• Problem details: Beneath this instruction is a block of data; output from it exactly the lines that run from the one containing "Kerbl Hobbyfarming SmartCoop" through the one containing "Fresno State University", inclusive.

——————

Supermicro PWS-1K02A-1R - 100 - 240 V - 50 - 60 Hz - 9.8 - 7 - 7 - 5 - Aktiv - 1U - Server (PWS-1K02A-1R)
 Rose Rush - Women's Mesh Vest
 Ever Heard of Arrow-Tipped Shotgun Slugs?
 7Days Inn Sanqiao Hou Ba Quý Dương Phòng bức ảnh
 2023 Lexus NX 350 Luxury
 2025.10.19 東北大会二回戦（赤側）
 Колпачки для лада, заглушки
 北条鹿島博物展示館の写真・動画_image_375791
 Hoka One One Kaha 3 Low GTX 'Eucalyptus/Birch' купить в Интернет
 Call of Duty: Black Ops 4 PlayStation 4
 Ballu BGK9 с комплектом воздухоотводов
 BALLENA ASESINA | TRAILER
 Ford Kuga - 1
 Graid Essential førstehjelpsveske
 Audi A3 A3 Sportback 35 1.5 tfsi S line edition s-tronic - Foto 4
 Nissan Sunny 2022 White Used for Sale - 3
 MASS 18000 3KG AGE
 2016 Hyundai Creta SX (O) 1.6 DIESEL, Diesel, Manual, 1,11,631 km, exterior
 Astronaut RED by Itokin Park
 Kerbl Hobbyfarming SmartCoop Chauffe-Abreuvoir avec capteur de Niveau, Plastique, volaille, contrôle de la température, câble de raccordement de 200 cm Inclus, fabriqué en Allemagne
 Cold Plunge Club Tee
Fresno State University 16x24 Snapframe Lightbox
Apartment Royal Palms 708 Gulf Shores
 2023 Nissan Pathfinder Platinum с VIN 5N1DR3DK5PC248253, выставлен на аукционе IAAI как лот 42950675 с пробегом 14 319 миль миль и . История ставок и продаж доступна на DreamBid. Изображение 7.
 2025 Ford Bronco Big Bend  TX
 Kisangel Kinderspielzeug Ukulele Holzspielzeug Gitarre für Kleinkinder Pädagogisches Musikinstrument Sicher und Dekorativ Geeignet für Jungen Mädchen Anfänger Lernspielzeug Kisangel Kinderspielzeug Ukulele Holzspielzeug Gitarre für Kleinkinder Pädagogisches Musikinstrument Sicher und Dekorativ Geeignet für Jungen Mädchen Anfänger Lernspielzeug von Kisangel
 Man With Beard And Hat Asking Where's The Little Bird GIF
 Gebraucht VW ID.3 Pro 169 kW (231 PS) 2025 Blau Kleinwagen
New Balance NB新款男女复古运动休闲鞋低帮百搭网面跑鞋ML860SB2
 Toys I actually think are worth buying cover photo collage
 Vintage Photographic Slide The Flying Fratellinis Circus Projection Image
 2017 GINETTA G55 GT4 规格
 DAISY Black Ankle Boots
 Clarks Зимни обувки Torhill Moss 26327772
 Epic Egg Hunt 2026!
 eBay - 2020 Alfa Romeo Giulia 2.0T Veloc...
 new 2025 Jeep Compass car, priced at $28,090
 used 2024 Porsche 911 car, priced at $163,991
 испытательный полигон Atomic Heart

——————

• Reply to the exercise:
 Kerbl Hobbyfarming SmartCoop Chauffe-Abreuvoir avec capteur de Niveau, Plastique, volaille, contrôle de la température, câble de raccordement de 200 cm Inclus, fabriqué en Allemagne
 Cold Plunge Club Tee
Fresno State University 16x24 Snapframe Lightbox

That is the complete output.